[Distutils] [kid-discuss] installing without setuptools

John J Lee jjl at pobox.com
Sat Oct 14 16:20:10 CEST 2006


Apologies for being unable to resist going over old ground by responding 
to this (moved here from the kid mailing list).

On Sat, 14 Oct 2006, Python wrote:

> On Fri, 2006-10-13 at 22:25 +0100, John J Lee wrote:
>> On Fri, 13 Oct 2006, Python wrote:
>> [...]
>>> I've also had grief with easy_install
>>>        many options did not seem to work
>>
>> Which ones?
>
> I can't say now.  It seemed to be differences within packages and my
> computer environment.  I did not keep careful notes.
[...]
> Phillip suggested
> 	-meb.
> which finally worked, but was not obvious from the docs.

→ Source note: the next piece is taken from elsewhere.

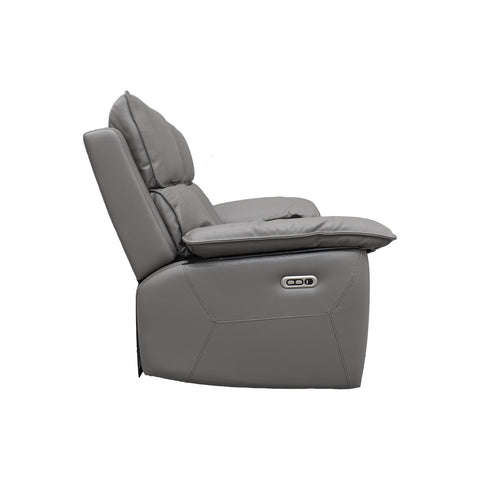 Sala Reclinable Praga - Sofá y Love Seat - Tacto Piel Gris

I see.  ISTM that the reason you had trouble is that you had your own 
ideas about how things should work, rather than following the standard 
setuptools way of doing things (which it certainly seems weren't 
arbitrarily chosen, but followed from actual, carefully considered, 
requirements).  It's fair enough to do things your way, but one must 
always expect to need to expend a bit of effort in trade for "do it *my* 
way, not the standard way", IMNSHO.  You don't get everything for free. 
OTOH, I don't think I ever managed to get vanilla distutils to install 
things anywhere but site-packages (admittedly I didn't have a serious need 
for it, so I gave up after a few attempts), and in contrast I think I 
managed to do it on my first attempt when using easy_install.  So maybe 
you solved that puzzle with plain-distutils and consider "install it in 
this directory, I'll be responsible for putting it on sys.path" part of 
the standard distutils experience...

But as I said on the kid list, you're right that easy_install would 
benefit from more tightly end-user targetted docs (and ISTR PJE hopes to 
write some later).

[slightly re-ordered from original post]
> Even the "just download the package and do nothing" option failed.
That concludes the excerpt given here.